Email address obfuscation in effect -- please
click here to turn it off.
[
Date Prev][
Date Next][
Thread Prev][
Thread Next][
Date Index][
Thread Index]
Dave Lloyd wrote:
On Mon, 22 May 2006, Stephen Montgomery-Smith wrote:
Jennifer Dozar wrote:
I was wondering about money market savings accounts... I got a refund
check from school and thought about putting a good portion of it into
something that could turn some money back onto it. or something along
that line. And the other part, pay off a few past accounts and maybe
help with the car thing. (should still be getting like 3k from insurance
for the car) I am not well versed in the financial industry. just
wondered if some of you guys knew about this kind of stuff.
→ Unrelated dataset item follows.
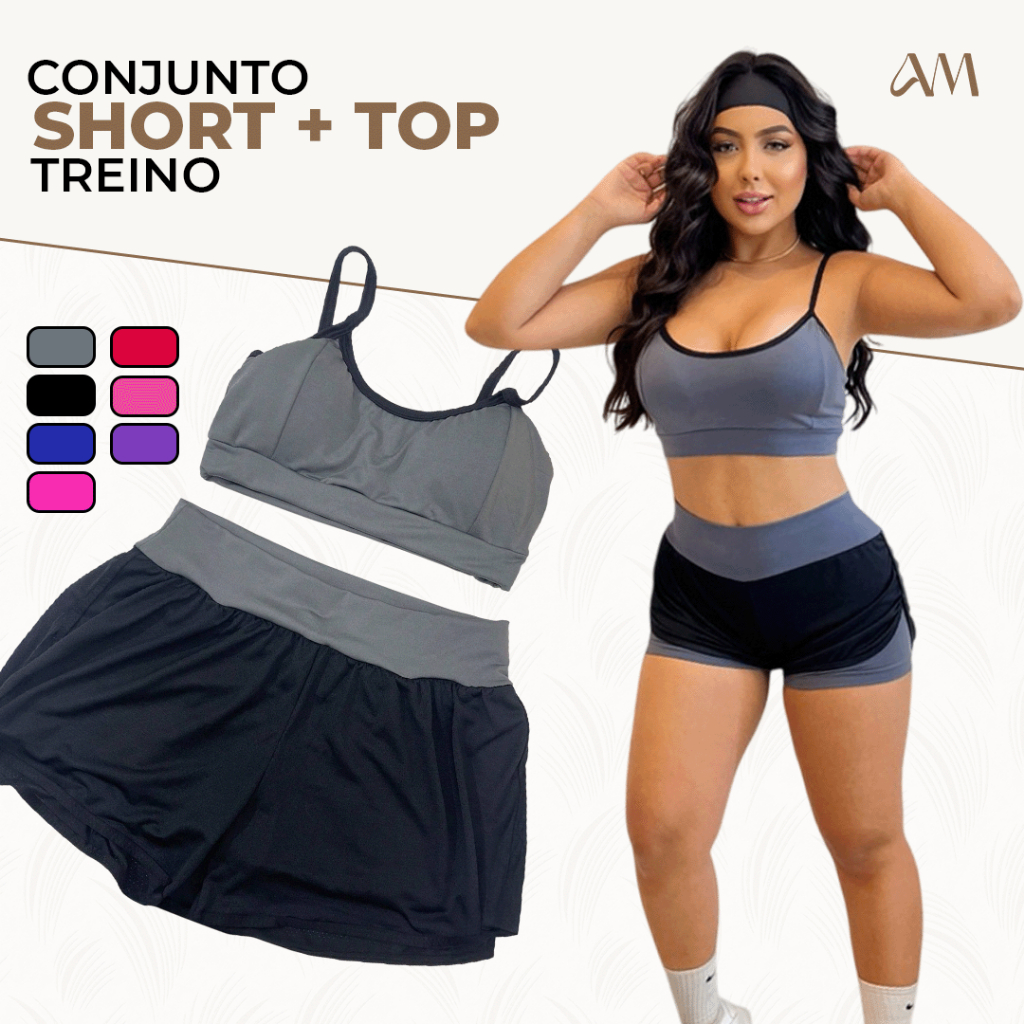Conjunto Shorts Duplo e Top com Bojo Fitness Academia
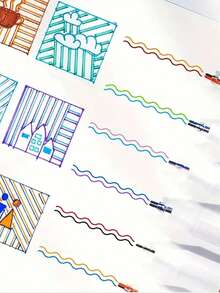 3pcs Dual-Tip Colorful Markers - Vibrant 3D Effect, Ideal For Art, Office & School Projects, Drawing Pens, Fantasy Dual-Line Markers, Highlighters, Planner Pens, Student Note-Taking - Multicolor - View 4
I used to study this kind of thing. The conclusion I came to 10 years
ago was to put money into volatile mutual funds, and don't look at it
again for several decades. I don't think this strategy has worked
particularly well in the last five years, but my sense is that in the
very long term this is rather a good strategy. (Volatile means that
the funds tend to go up or down more rapidly than usual.)
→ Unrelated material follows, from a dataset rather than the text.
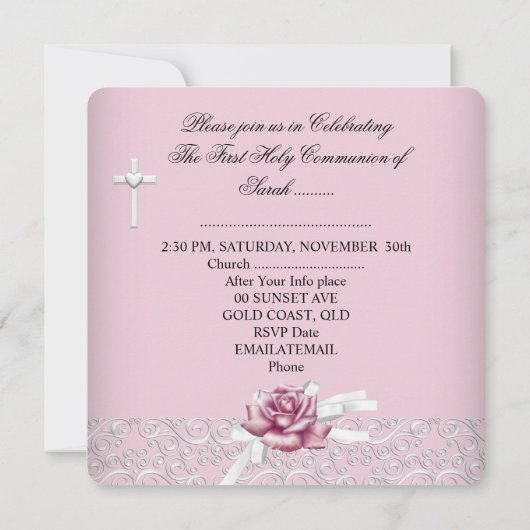 Invitation Fille Première Sainte Communion Damask Rose Rose R (Dos)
If you want to do money markets, which make less money but which are
much safer, my memory was that even there, no load mutual fund money
markets were superior - they had slightly higher returns, and there
was no minimum investment period. The only downside is that the
principal wasn't guaranteed - however if the economy were to turn so
bad that money market mutual funds would decrease, then probably all
those federal guarantee agencies would go bust as well.
But as I say, these conclusions are 10 to 15 years out of date.
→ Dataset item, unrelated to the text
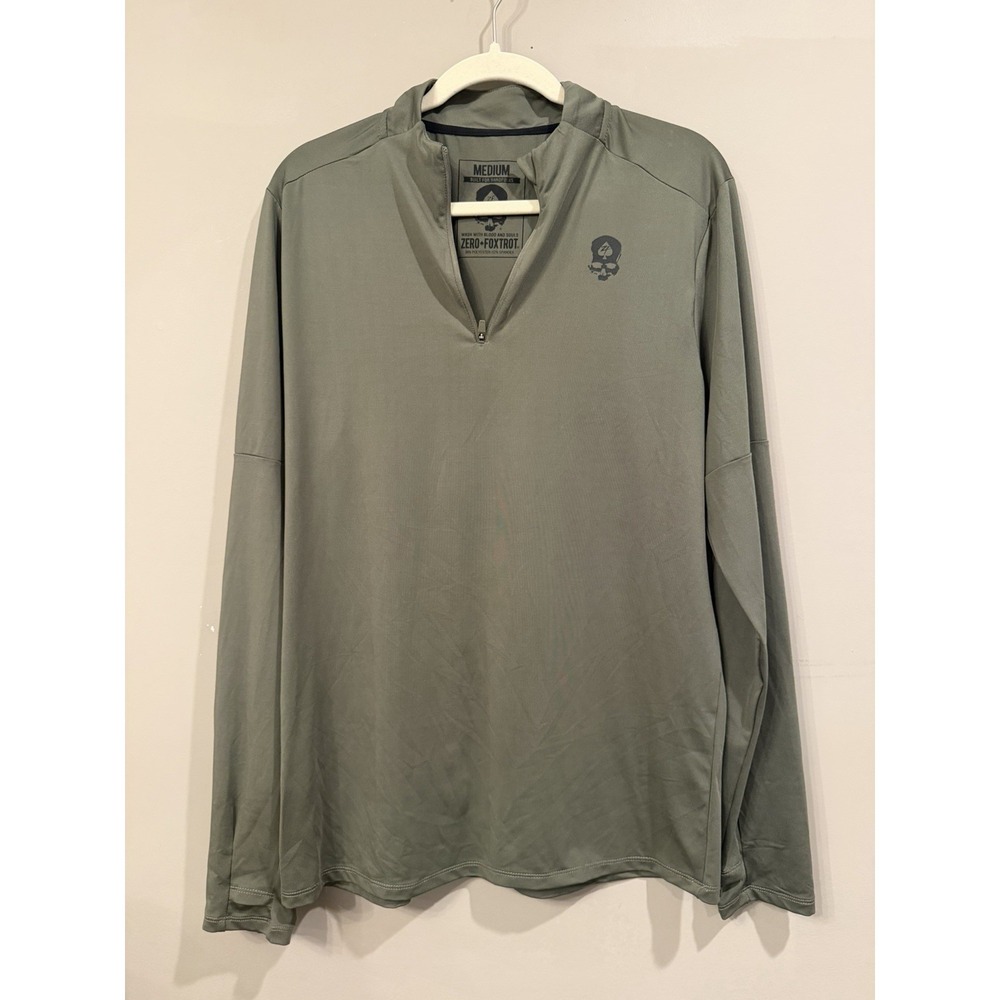 Zero Foxtrot Mens 1/4 Zip Performance Pullover Green Skull Logo Mediu Thumbholes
Not really. Investing in an index fund (like the classic Vanguard S&P
500 index fund) beats all but about 5% of mutual funds out there. Plus
there's almost no churn, so there's very little tax and management
expenses going towards the maintainence. Slow and steady still wins the
race.
Jynx. I invested in precisely that fund.
(I feel a bit stupid because I got that advice from a Dilbert cartoon -
that S&P index funds were the best way to go.)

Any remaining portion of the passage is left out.